# 7 month old - still wakes/eats every 3 hours at night



## irishmaji (Jan 27, 2009)

Hi,

I have a 7 month old little boy that still gets up like a newborn. He is not breastfed, unfortunately, as much as I wanted to it didn't work out for us and he is milk protein sensitive so he is on hypoallergenic formula.

However, he is not a big eater. Sometimes he'll only take 3 ounces at a time, sometimes he will take a 5 ounce bottle, but he much prefers to snack throughout the day. I think this is the biggest reason he is still getting up so much at night to drink, I don't think he's taking in enough calories during the day.

We have started solid foods, he looks very interested everytime someone is eating, but most of the time has very little intrest in baby food, some days he will do pretty good and most days he's not interested in even trying a bite.
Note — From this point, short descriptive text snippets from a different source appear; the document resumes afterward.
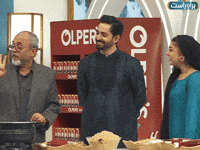 Funny Laugh GIF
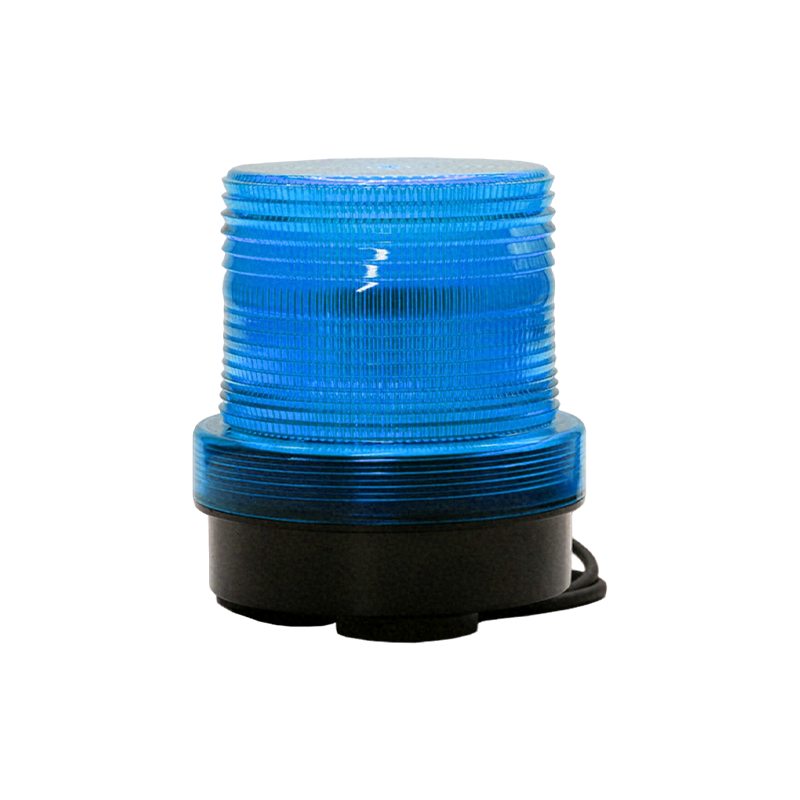 چراغ چراغ LED با شدت بالا IP65 DC9-80V مناسب برای لیفتراک، لودر و سایر وسایل نقلیه صنعتی
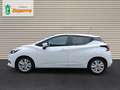 Nissan Micra IG-T 74 kW (100 CV) E6D Tekna Blanco - thumbnail 2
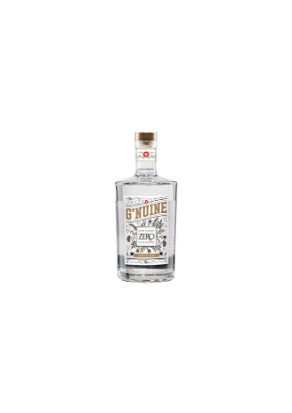 Ginuine Zero alkoholfrei Ew.Fl.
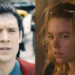 Superman/Clark Kent in Superman (2025), and Kara Zor-El aka Supergirl in Supergirl (2026).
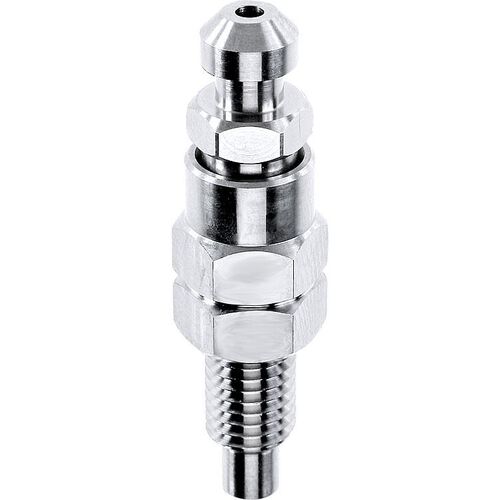 Motorcycle Brakes Accessories & Spare Parts Stahlbus bleed valve screw M7x1.0x16mm Neutral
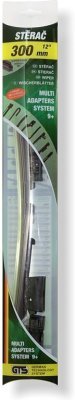 Stěrač plochý FLEXI 300mm Compass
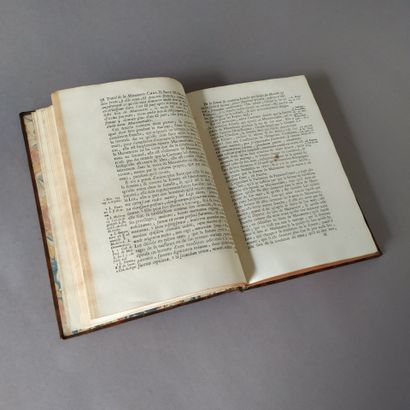 DUNOD DE CHARNAGE (F.-I.). Traité de la mainmorte,...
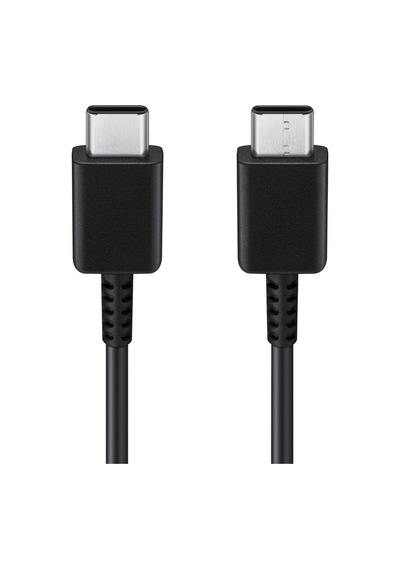 Samsung Uyumlu 15 Watt Hızlı Şarj Seti, Type-c Adaptör Ve Type-c Kablo,
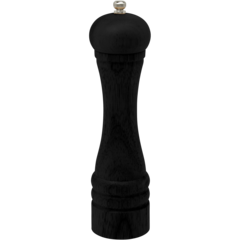 89905-1 Salt & Pepparkvarn Exxent 25cm Svart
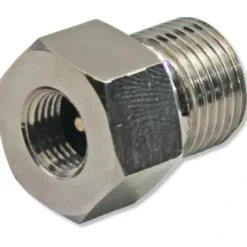 Best Proflora Adaptor U201-U500 C02-Udstyr Til Akvarier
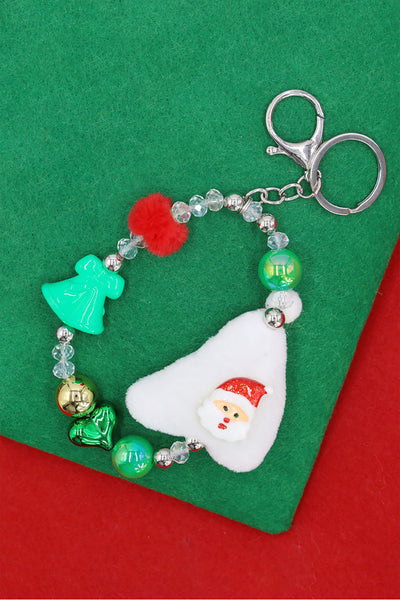 CHRISTMAS KEY CHAIN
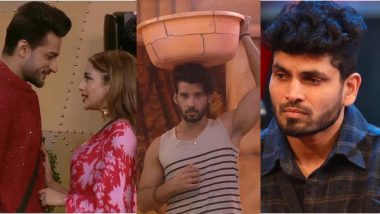 Bigg Boss 16: Evicted Gautam Vig Feels Tina Datta-Shalin Bhanot Have Superiority Complex, Calls Shiv Thakare a Bully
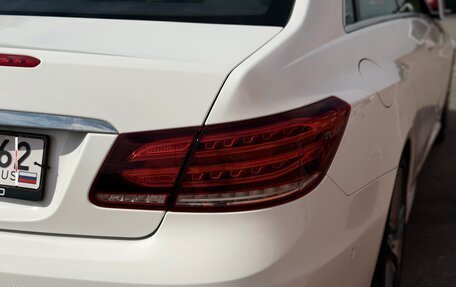 Mercedes-Benz E-Класс, 2014 год, 2 000 000 рублей, 13 фотография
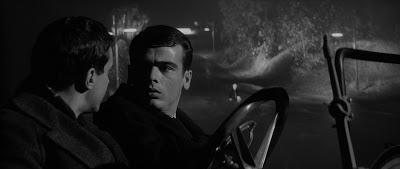Le Génie du mal - Compulsion, Richard Fleischer (1959) Le Génie du mal - Compulsion, Richard Fleischer (1959)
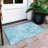 Altair Washable Abstract Indoor / Outdoor Rug-1277824368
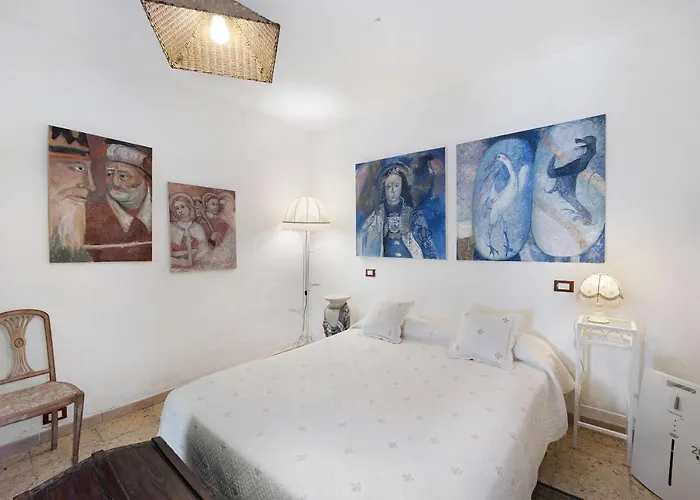 La Casa Di Giacomo Villa Pigna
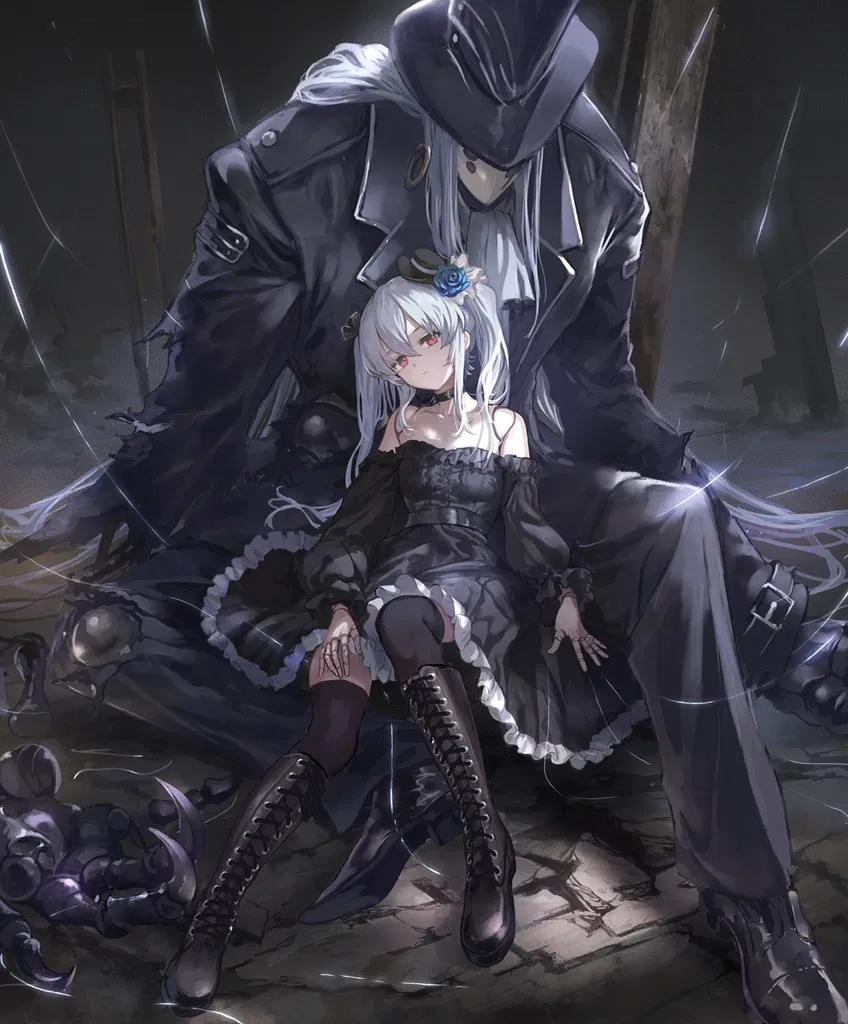 Avatar of Orchis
Has anyone had a little one like this before, any success stories on getting them a little more focused on eating during the day vs at night? I cannot do cry it out, but I also truly believe he needs at least some of the calories he's getting at night. He is fine weight wise, he's in the 50th% for weight and 75% for height, he is a long skinny baby.

Any input would be great, mommy is very tired and works full time


----------



## LadyCatherine185 (Aug 12, 2008)

sleep deprivation is no fun. That said, waking every 3 hours is normal and actually pretty good for 7 months old. My DS didn't sleep that long until 18 months old when we started nightweaning. Could you have a DP help out with some of the nightwakings? Like take half the night and you take the other half? Is your DS in your room with you, beside your bed, so that you don't have to do as much moving/getting up and down?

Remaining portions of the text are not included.